After Death, nothing is

 

ROCHESTER

The Churches, as we have seen, taught that death closed a mundane life that was brief and wretched and opened the portal to life eternal. It was not extinction but metamorphosis. Death was thus not to be feared but welcomed, and ample testimony has come down of Christians eagerly embracing the Churches’ notion of a ‘good death’, as encoded by the
ars moriendi
.

But there was more to it than the art of dying well as an audition for life eternal. Be it one’s own death or that of others, dying involved an intricate and solemn fabric of social beliefs, procedures and expectations aimed at the safe passage of the decedent, some of which will be touched upon below. Elaborate preparedness was a necessary defence, with mortality always threatening and its management so crucial.

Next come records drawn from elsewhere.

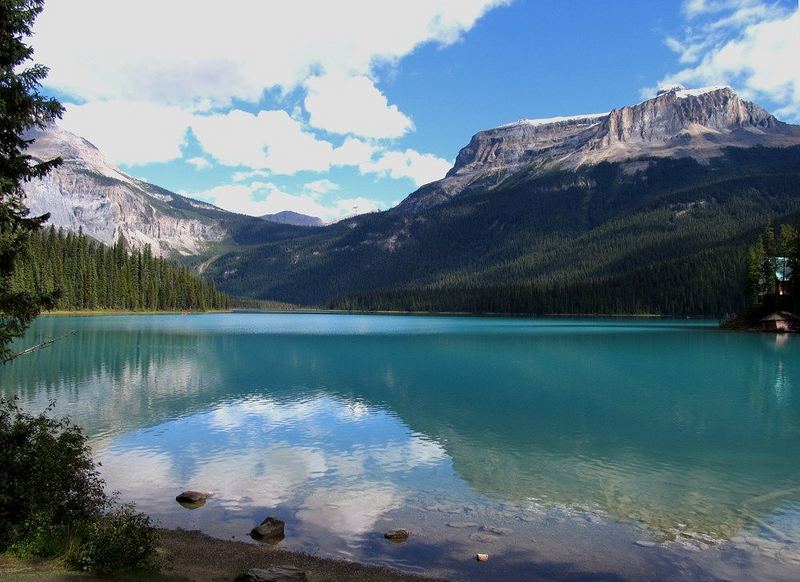 Emerald Lake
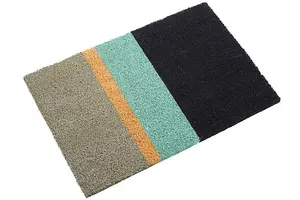 Maison by Premier Filta Japandi Stripe Dark Doormat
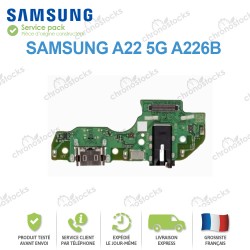 Connecteur de charge Original Samsung Galaxy A22 5G A226B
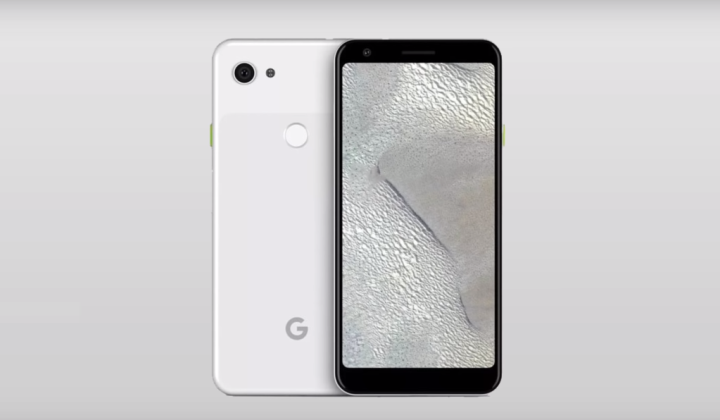 Google Pixel 3 Lite Hands On Video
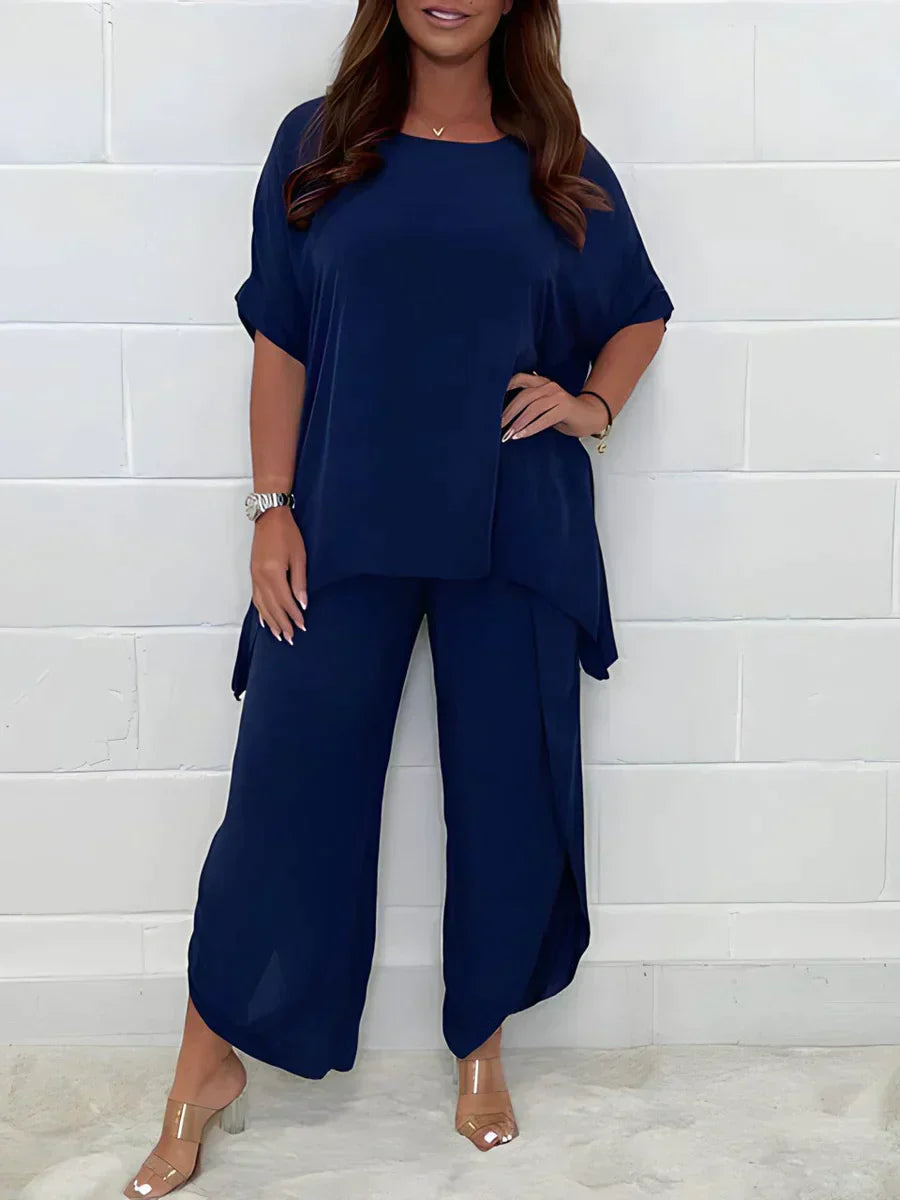 Berg-feldt | Plus Size Two-Piece Set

Funerals were celebrated with far more pomp than marriages or baptisms, while the new secular cultural media accorded mortality new openings, not least magazine obituary columns and tear-jerking novels.

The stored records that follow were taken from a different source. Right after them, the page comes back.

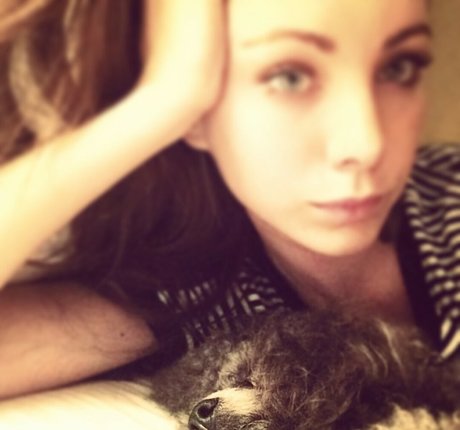 Ksenia Solo model beautiful galleries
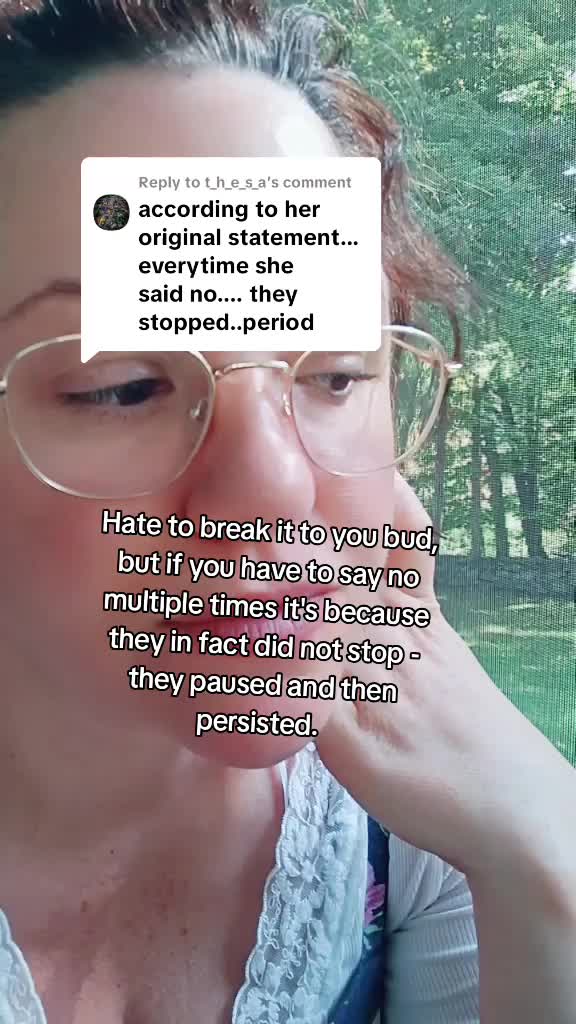 @not your sweetie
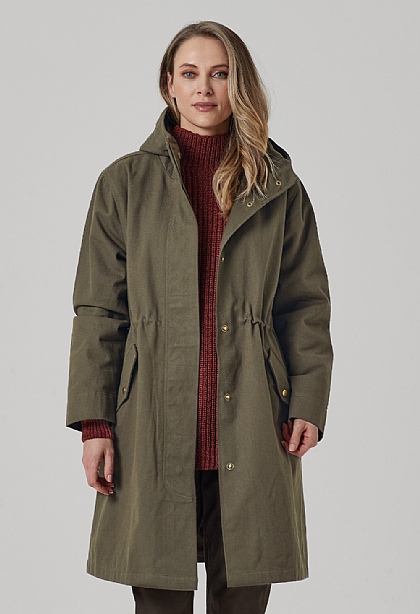 Liliana Parka Coat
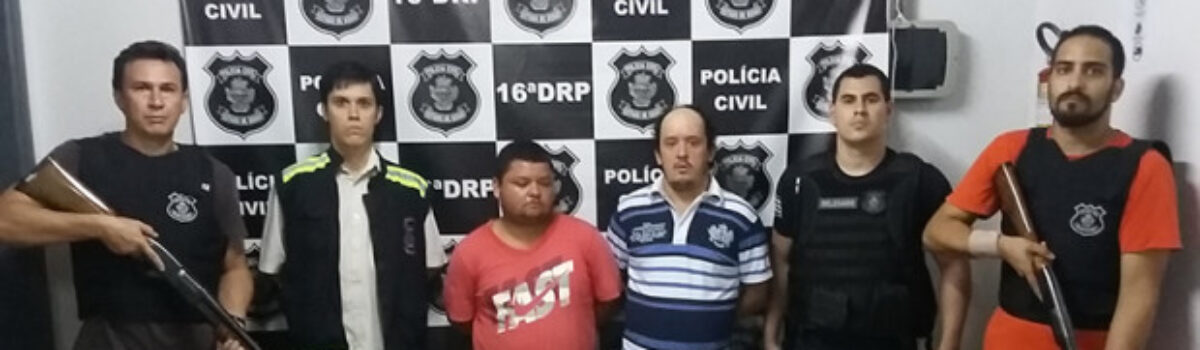 Traficante é preso em Ceres com 4 quilos de maconha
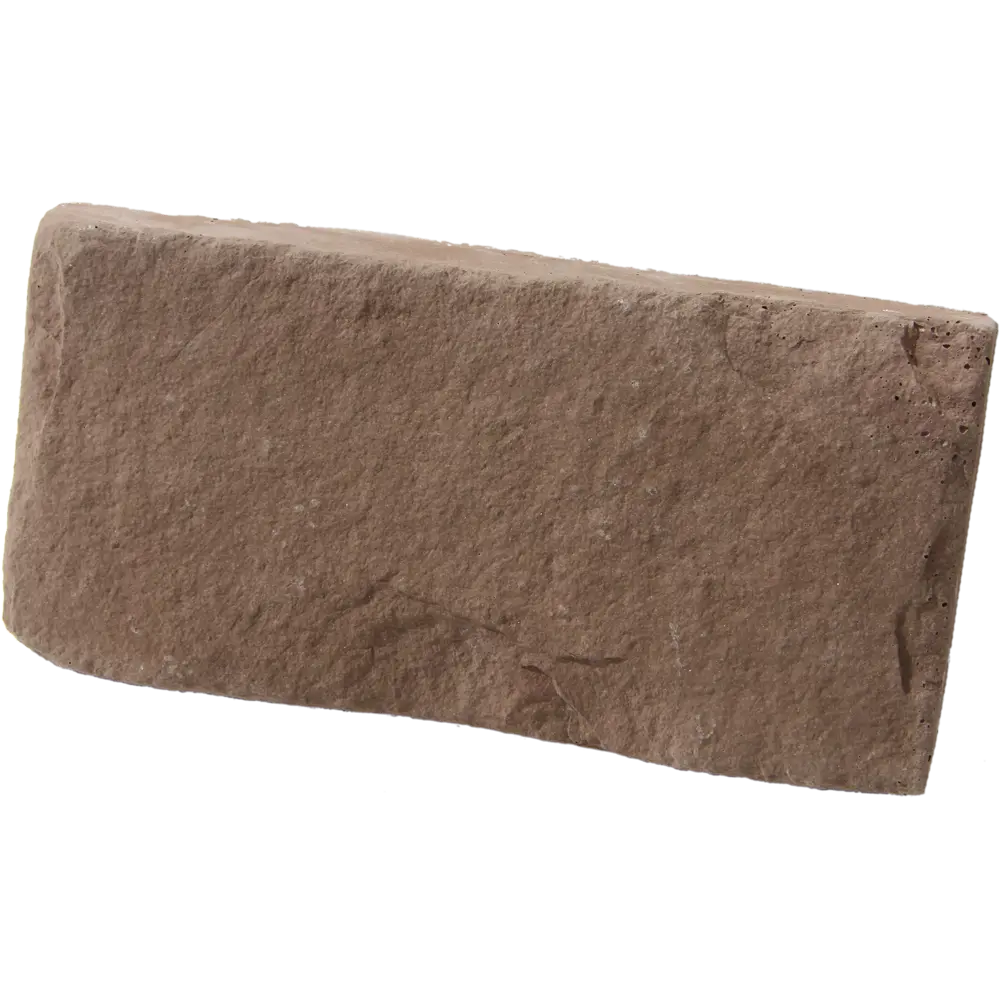 Камень искусственный White Hills Шеффилд темно-коричневый 1.02 м² STLM-2122361 - Вид №3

Everyman was forced to walk in the valley of the shadow of death. In the churchyard on Sunday, parishioners saw death all around: tombstones commemorating grandparents, parents, brothers and sisters who had perished in infancy, and not least their own offspring. As amply confirmed by sermons and pious works of religious comfort, and by the testimony of letters, diaries and funerary art, death loomed large in public culture and often governed individual minds. The Black Death of the mid-fourteenth century and subsequent outbreaks
of plague lasting down to 1665 had, of course, cast a long, dark shadow, and their aftermath was the culture of the Dance of Death, the worm-corrupted cadaver, the skull and crossbones and the charnel house. This was reinforced by a theology which held death to be the wages of sin and, especially for those embracing Calvinist predestinarianism, stressed that for perhaps the great majority it would literally inaugurate the endless torments of hellfire.

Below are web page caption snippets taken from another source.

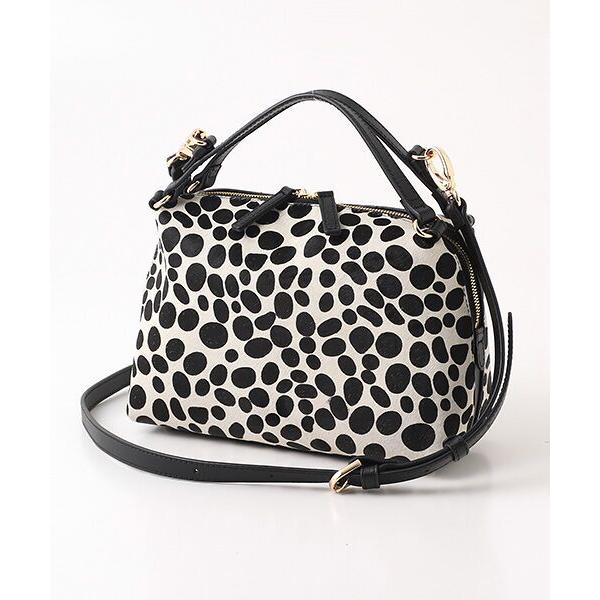 ラ バガジェリー/カウヘアーミニバッグ LA BAGAGERIE（ラバガジェリー） LA BAGAGERIE / ラ バガジェリー カウ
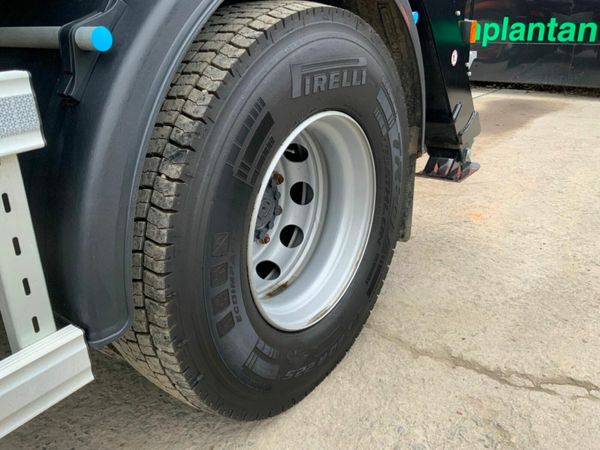 Iveco Eurocargo PALFINGER WIRELESS REMOTE CHAINLIF 377220862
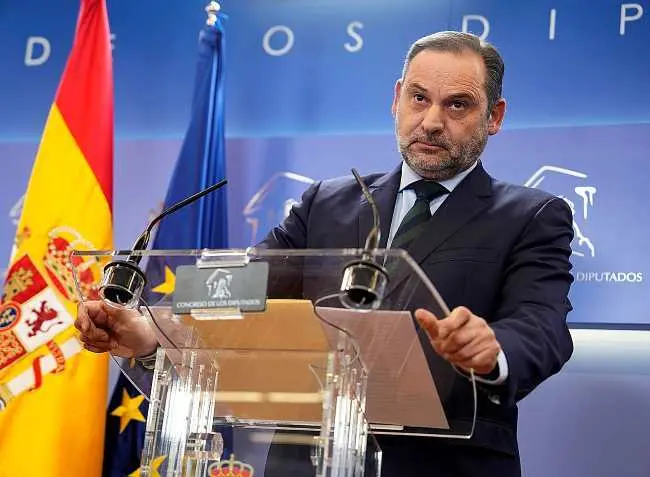 José Luis Ábalos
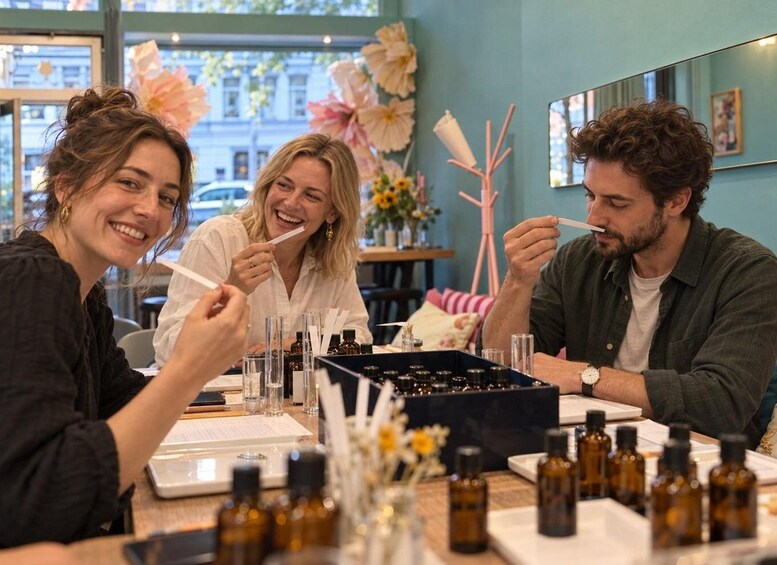 Picture 2 for Activity Hamburg: Perfume Workshop to Create Your Own Scent 5
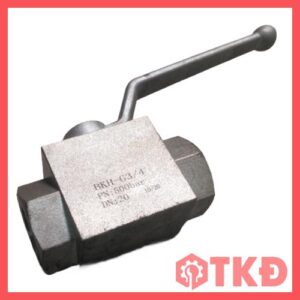 van thủy lực 2 ngã bkh 4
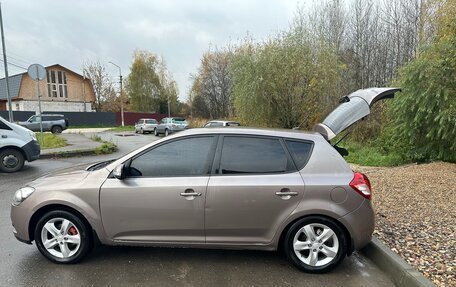 KIA cee'd I рестайлинг, 2012 год, 565 000 рублей, 8 фотография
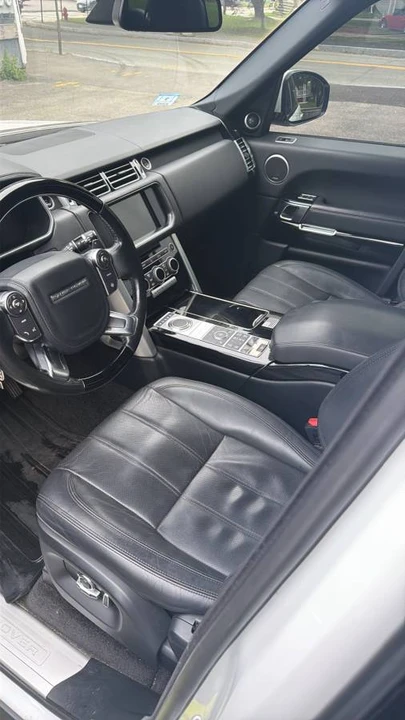 2016 Land Rover Range Rover L405 - Image 4 of 12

Boldly challenging the comforting Roman Catholic doctrines of efficacious deathbed repentance, Protestant voluntarism stressed how the divine arrow could pierce at any moment, out of the blue. Hence, the pious Christian must needs be composed for that event – Bishop Ken warned: ‘Live ev’ry day as if ’twere thy last.’ Indeed, such
ars moriendi
handbooks as Jeremy Taylor’s
Holy Dying
taught that ripeness was all; it ‘must be the business of our whole Lives to prepare for Death’, proclaimed William Sherlock’s influential
A Practical Discourse Concerning Death
(1690).

The deathbed confrontation was bound (and was meant) to be awesome and overwhelming: ‘death is a fearful thing’, blabbed Claudio in
Measure for Measure
(‘to die, and go we know not where’), calling to mind similar chilling passages from
Hamlet
. It had to be faced head-on and vanquished. This public face inured believers to trauma: panic was obviated because religious practices and cultural resources girded the faithful against the Arch-foe. Family prayers, fasting, devotions, Bible-reading and so forth, both before and at the deathbed, were designed to fortify believers as they came to die the good death.